The PC's are clones who go on missions. We get examples of the sorts of missions they go on. The first example is to kill a sewer rat. The second example is classified. Then we're told that the PC's should be trying to sabotage their missions and their teammates. You are not told what you are doing and you are trying to stop your teammates from doing it. It then says that if players do play the way you want them to, that is turning on each other and doing "smart play" as the game calls it then you should punish them. Try and read this.
The Rules: Fuck!Characters who let other take the risks will at first feel safe because characters who take risks in Paranoia get turned into vat-paste. However when you see players holding back too often you should start having the risk takers succeed at ludicrous actions, gain promotions, and lose less lives than those who are playing it smart
EXAMPLE: The characters are pinned down by enemy fire behind a rapidly dissolving pile of cover. All the players are arguing over what to do, when one heroic soul declares:
Player: "Humph! Stand back, timorous cravens! My character leaps over the barricade into the hail of bullets, sowing grenades like seeds, charging resolutely toward the Commie traitors
Gamemaster: "Bravo! Bravissimo! Well... you leap out of cover and lob your grenades at the enemy gun emplacements — and that's what they are: gun emplacements manned by reprogrammed scrubots! (Rolls dice, ignores result.) You make your perception check and notice that they are mindlessly firing at the cover you were hiding behind. (Rolls dice again, obviously ignores result.) Dextrously, you dodge out of the way, tossing grenades hither and yon. (Rolls dice yet again, wincing convincingly.) Oooh! Too bad — a critical failure. (Contemplates for a minute, rolls dice and seems to study them, then sighs.) Well, the grenades take out most of the scrubots, but a few bounce down into the cover your 'friends' are hiding behind. (Clatter of more dice.) Which explodes in a ball of fire. The remaining scrubots begin to fire at the craven cow — I mean, at the rest of the team unobstructed. (Clatter.) Ow! That's gotta hurt..."
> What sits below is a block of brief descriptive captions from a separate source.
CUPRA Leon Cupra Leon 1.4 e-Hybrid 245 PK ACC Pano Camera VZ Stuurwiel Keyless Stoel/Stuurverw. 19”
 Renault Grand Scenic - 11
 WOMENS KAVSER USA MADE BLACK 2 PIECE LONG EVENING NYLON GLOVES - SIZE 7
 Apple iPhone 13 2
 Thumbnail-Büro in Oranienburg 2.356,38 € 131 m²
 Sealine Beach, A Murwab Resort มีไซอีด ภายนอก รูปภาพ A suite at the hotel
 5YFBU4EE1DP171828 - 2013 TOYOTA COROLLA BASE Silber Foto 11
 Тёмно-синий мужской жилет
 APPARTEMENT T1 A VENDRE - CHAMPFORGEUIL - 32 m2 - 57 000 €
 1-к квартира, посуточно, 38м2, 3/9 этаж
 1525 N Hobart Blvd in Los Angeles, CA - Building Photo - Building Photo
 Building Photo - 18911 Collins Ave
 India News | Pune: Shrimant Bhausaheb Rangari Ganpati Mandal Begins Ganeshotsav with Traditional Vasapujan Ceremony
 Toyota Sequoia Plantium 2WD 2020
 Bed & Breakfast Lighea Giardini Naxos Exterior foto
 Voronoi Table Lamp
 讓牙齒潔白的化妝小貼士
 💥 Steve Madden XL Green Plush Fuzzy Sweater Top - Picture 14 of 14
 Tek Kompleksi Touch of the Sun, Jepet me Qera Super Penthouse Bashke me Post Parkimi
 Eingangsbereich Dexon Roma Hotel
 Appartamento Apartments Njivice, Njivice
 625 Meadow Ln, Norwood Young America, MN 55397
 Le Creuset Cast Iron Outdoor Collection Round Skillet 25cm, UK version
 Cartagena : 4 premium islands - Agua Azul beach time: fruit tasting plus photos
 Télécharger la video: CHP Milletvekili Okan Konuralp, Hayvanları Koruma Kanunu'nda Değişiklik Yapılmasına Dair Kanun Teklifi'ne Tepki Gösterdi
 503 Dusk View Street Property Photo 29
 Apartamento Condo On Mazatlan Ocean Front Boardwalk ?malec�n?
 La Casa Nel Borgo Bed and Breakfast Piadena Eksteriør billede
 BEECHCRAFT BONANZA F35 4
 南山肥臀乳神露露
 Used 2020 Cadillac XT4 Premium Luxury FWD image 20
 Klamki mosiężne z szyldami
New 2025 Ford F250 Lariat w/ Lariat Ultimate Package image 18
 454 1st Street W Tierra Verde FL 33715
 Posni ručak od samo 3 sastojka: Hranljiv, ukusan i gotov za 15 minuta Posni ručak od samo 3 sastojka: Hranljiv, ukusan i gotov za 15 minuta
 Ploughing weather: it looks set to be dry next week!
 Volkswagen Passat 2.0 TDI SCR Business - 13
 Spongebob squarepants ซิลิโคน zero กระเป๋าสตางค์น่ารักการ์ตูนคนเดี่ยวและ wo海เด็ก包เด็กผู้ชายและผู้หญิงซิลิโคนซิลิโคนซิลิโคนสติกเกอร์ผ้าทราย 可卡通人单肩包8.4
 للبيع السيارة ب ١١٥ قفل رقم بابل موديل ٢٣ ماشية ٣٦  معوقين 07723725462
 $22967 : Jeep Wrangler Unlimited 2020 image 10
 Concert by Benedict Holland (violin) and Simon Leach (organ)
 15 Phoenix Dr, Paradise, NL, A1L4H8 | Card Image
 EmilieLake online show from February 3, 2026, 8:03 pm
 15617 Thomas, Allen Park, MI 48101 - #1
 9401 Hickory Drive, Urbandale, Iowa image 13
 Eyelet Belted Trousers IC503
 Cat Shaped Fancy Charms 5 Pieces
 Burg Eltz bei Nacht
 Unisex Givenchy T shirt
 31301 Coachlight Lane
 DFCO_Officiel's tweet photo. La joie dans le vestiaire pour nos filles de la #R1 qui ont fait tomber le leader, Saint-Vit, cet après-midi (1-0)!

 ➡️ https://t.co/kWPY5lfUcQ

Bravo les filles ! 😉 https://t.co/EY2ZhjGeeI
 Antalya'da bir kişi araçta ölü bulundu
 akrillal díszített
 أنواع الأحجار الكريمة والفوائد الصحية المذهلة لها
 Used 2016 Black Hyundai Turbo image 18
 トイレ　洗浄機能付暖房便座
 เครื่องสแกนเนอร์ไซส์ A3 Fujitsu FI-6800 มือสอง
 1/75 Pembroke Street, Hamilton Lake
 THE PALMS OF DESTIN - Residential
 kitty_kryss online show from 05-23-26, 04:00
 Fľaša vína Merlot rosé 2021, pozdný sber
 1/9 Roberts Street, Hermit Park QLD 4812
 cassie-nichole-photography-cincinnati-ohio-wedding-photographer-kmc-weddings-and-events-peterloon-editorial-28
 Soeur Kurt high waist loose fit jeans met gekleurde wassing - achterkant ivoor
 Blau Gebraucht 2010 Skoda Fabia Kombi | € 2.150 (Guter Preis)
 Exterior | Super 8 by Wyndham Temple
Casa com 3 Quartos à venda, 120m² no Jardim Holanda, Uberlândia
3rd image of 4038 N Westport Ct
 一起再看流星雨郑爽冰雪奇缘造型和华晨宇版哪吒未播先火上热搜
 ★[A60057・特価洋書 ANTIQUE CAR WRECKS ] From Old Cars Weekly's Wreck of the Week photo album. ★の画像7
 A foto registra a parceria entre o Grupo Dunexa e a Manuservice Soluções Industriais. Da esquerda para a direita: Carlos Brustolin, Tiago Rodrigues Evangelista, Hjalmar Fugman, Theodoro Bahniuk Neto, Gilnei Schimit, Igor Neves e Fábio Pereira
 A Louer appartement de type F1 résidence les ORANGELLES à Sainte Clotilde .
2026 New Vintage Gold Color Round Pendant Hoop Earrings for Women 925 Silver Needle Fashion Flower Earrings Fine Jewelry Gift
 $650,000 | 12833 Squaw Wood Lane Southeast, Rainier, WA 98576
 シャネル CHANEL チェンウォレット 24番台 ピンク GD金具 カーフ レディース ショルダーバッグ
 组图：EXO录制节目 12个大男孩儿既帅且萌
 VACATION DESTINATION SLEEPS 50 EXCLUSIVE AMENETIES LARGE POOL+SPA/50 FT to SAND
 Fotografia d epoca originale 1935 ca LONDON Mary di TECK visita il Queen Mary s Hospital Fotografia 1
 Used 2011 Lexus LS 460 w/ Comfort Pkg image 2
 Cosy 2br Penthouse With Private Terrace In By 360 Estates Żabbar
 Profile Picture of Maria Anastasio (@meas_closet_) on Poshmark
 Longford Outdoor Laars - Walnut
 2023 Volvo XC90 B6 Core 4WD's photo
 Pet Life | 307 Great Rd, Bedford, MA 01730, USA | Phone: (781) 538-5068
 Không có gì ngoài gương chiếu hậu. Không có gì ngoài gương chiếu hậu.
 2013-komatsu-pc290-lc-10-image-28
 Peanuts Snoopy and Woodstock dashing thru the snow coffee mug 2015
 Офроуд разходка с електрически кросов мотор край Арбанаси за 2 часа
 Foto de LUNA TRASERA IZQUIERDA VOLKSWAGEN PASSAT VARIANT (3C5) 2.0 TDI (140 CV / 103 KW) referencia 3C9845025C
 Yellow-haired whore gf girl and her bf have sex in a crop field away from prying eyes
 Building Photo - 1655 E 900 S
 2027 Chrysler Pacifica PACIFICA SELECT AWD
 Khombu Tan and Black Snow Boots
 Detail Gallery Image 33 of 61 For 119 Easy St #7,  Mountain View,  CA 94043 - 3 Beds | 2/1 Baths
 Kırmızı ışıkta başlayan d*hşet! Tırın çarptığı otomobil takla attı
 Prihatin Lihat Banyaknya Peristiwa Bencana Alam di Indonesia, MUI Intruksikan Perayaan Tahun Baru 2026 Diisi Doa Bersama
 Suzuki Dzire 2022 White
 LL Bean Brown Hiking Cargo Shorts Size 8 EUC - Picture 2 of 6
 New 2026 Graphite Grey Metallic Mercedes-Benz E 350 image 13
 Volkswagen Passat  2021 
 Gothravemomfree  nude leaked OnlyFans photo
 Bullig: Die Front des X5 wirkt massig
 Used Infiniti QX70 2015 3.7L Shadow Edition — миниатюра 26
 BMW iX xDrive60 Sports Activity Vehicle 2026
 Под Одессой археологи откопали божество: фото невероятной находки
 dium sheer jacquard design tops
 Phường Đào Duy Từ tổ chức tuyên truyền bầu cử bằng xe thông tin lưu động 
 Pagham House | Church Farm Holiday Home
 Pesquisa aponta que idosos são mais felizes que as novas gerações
I could review the rules but that last example tells you I don't need to. I don't need to tell you that the skills don't tell you what they do, or that the DC's are made up with no guide or any other thing because none of it matters! The ACTUAL LISTED PROCESS for any action occurring in Paranoia is that the player says they use a skill, the GM makes the DC as low or as high as they want, the player rolls their dice in that skill, adds that number to their governing ability score to get the total score then GM ignores the result then tells you what happened! Holy fuck why! Why are their MULTIPLE math steps for the player and MULTIPLE decision points for the GM if none of it matters! If my stats never mattered why must they also be random? Why did we have to randomly generate each stat and skill one at a time! Why does every action add two meaningless random numbers then ignore the meaningless result! MY BRAIN IS FULL OF FUCK
Paranoia does not seem to fulfill the definitions of "game" or "playing" or "roles". I don't know what it is.